Dianna’s experience in the workplace has forced me to think about the collective experience of women in the workplace –– especially when just a couple of decades ago –– that role was less established. It fills me with pure happiness to hear how loyal Maria remained to herself and her beliefs despite conformist pressures from the outside world. It is still upsetting to read about gender inequality, and I completely understand the fears Dianna had spoken out. When the cost of speaking out is one’s –– it is no easy matter. As a mother, I am sure this choice was even harder for Dianna to grapple with. It also makes her decision to stick to her morals even more admirable. Despite your situation in life or the obstacles you may face, there is a choice in how one reacts to difficult situations. Time and time again, Dianna chose to do what was right over what was easy. In taking the less beaten path, she is educated, independent, and true to herself. Dianna’s story is one I will carry on with me and continuously return to whenever choosing between pursuing virtue or ease.
- Laeticia Allache
Dianna Batalla has experienced the inequality between women and men in a work setting.

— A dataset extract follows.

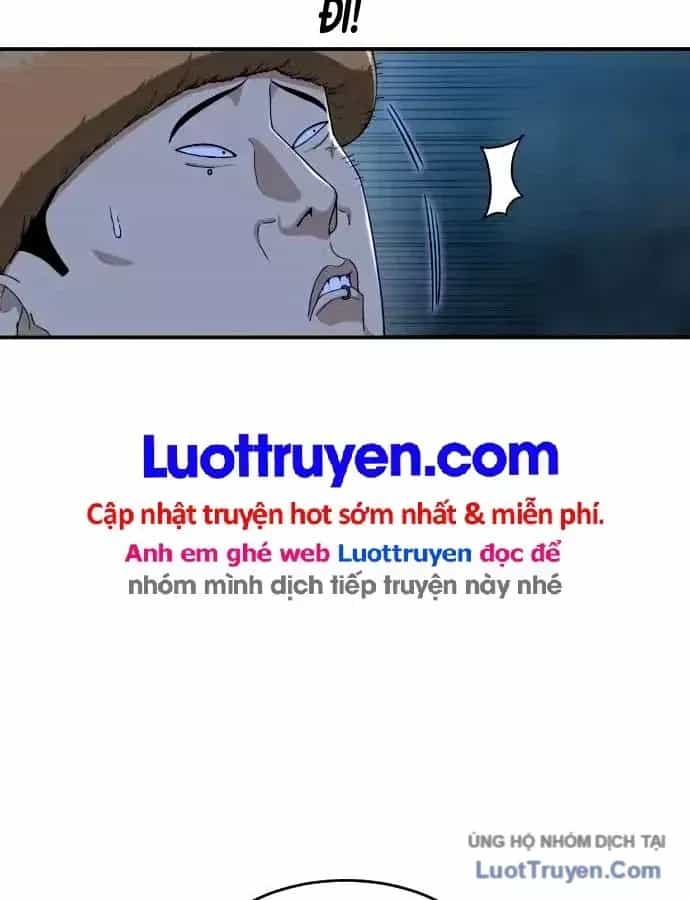 Huấn Luyện Chiến Đấu Siêu Cấp - Chương 83 - ảnh 17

For instance, she struggled to stay silent even when her values may be compromised so that she could earn a living to help herself and her family. This story has enlightened me to the fact that inequality affects everyone. Every woman, no matter what age, skin color, or race, will have to go through some sort of discrimination just because of the gender they were born into. However, I love how wonderful Dianna handled these experiences. It helped her become stronger and allowed her to remember that her values should never be forgotten. I believe that her interview will inspire many girls around the world to always remember who they are and what they believe in.
Dianna is also a woman of divorce. I have always admired mothers without a husband. They are strong women who have had to go through what many of us never wish to experience. I admire Dianna for staying strong and using her divorce to strive harder. She was able to go back to school at the age of 52. She went beyond what most people at her age would do. I truly applaud her for everything she has accomplished and for never giving up despite the circumstances she had to face. Dianna Batalla’s story is truly a remarkable one. From her experiences of inequality while she was working, to her divorce, to her going back to school at the age of 52. She will surely make an impact on women everywhere through her inspiring experiences, stories, and actions.